Just one year after the Sichuan earthquake devastated the infrastructure of some areas in Chengdu, the province's capital, the city's planning authority is seeing the first fruits of its massive reconstruction program.
According to Fu Yi, director of Chengdu's Development and Reform Commission, some 21.8 billion yuan has already been invested in an unprecedented program of reconstruction. This accounts for just over 30 percent of the total 2008-09 budget for the project.
Undeterred by the tremor, foreign travelers learn Kung Fu skills at a Taoist temple in the Qingcheng Mountain area. [China Daily]
This has seen more than 300 projects completed ahead of schedule, resulting in 130,000 people moving to their new permanent residences. Although 1,000 km of highways were destroyed by the earthquake, this same project has resulted in a third of them returning to operation already, with work continuing on the remainder.

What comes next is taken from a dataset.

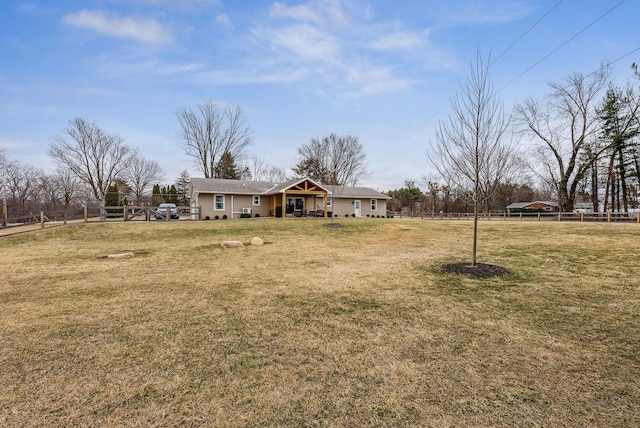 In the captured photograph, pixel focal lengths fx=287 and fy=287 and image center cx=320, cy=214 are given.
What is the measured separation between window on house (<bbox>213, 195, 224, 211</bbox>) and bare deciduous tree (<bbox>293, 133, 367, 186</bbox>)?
65.8 feet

As one of the most celebrated tourism destinations in China, Chengdu, despite the earthquake, saw 13.77 million tourists returning in the first quarter of this year. Tourism revenues rose 10.4 percent over the same period of last year to reach 10.8 billion yuan.
A year ago the earthquake caused a huge damage to facilities in Chengdu, with a direct economic loss estimated at 124.7 billion yuan. Dujiangyan, Pengzhou, Chongzhou and Dayi were among the areas hardest hit.
In light of the size of the challenge resulting from these enormous losses, in August 2008 local authorities invited nearly 200 design and planning institutes to draft the overall and detailed plans for the reconstruction.
The city's planning authority also promised to provide greater support for reconstruction in the rural areas, aiming to ensure a balance between developments there and similar initiatives in the urban areas.